As I sample other cat-involved and cozy mystery series, I've developed a greater appreciation for the degree of skill Braun has in her writing - the pitfalls she avoids to which others so easily fall prey. Many other cozy writers just plop one-dimensional characters into their world that bumble about and act for no other reason than to set in motion supposedly humorous setpieces that unfold while the other characters just gawk and act astonished at all this "spontaneous" craziness in zany ways - characters who act like pinballs in arcade machines, existing for no purpose other than to shoot and knock about their environment, causing a lot of noise and ruckus and folderol over essentially nothing. Odd is a comic relief character, but that's not all there is to him - the man has substance. He has a method and a - dare I say it? - philosophy to his mirth. He has the rarest of traits among comic characters, a sense of responsibility, which acts as a sort of counterpoint to Qwilleran's lifestyle in his lean years - where the Qwill of the city books was a swinger, Odd is a family man.
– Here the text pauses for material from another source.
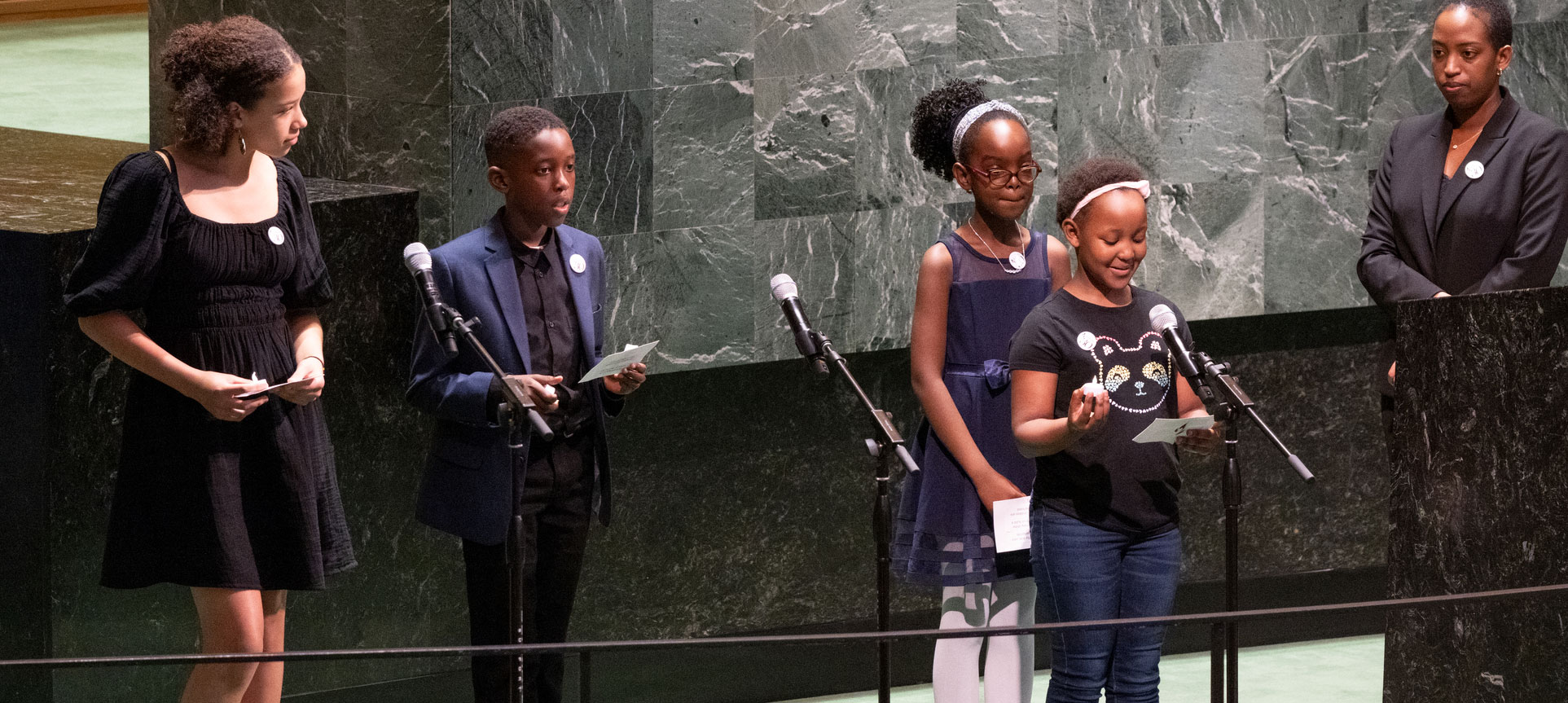 Foto de una mujer y 4 niños en el podio de la sala de la Asamblea General durante la intervención de uno de ellos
I wouldn't say, though, that Odd Bunsen is unilaterally Qwilleran's foil, even though he acts as such many a time; I'd call him more Qwilleran's complement, as he is often able to effect the same ends through opposite means. As Qwilleran, Odd has an ability to just draw people to him, to instantly win their confidence and friendship - except that while Qwilleran wins folks over through his sympathetic ears and willingness to listen, Odd does it through talking - aggressive, pallsy banter delivered with complete candor - and no tact. (When he's introduced to Qwill, the first thing he does is remark upon the sleuth's much-revered thick, "luxuriant" moustache: "That shrubbery's getting out of hand. Aren't you afraid of brush fires?") Where Qwilleran trends gently to earn someone's friendship, Odd acts from the first moment as if he already has it. As exemplified in the dinner at Maus Haus in The Cat Who Saw Red where Odd wins all the diners over, lavishing praise on all the food the tenants have prepared, "bursting on the scene with his loud voice and jovial manner and stale jokes, jollying the women, kidding the men", Odd makes everyone feel like an old friend.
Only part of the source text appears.